Despite South Africa’s national electricity utility, Eskom having had to declare emergencies during the summer of 2013/14 no rotational load-shedding has occurred thanks to immediate demand reduction by all the utility’s customers and the utilisation of emergency reserves. Up to 1,000 MW of demand was reduced by Eskom’s industrial, commercial and residential customers during the emergency periods.

Eskom CEO Brian Dames says, “With the projected demand and current trends in planned maintenance and in plant performance, extensive use of open cycle gas turbines (OCGTs) is anticipated resulting in limited operating reserves to deal with volatility in demand or generation performance. We call on all customers particularly the municipalities and the commercial sectors to manage and cut out all electricity wastage. The industrial and commercial sector can make significant contributions particularly in large office blocks and shopping centres. If this is done, it will ensure a stable power system and reduced costs.”
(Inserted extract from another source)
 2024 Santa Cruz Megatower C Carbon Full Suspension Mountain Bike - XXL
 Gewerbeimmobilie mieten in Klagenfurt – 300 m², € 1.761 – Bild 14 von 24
Public enterprises minister Malusi Gigaba, says, “The power system is currently tight and will remain like that until new generating capacity comes online. We therefore appeal for sustained savings throughout the day in order to reduce demand on the electricity grid. The less electricity you use, the more electricity will be available to go around.”

Dames says, “The plan will see us target 10% of our generation capacity on average through the year to do fixed planned maintenance, to address reliability and environmental issues at our power stations. In the short to medium-term, this will introduce higher risks to balancing supply and demand. In order to manage these risks, the country must continue to focus on additional supply options, energy efficiency and some form of an energy conservation scheme as a safety net.”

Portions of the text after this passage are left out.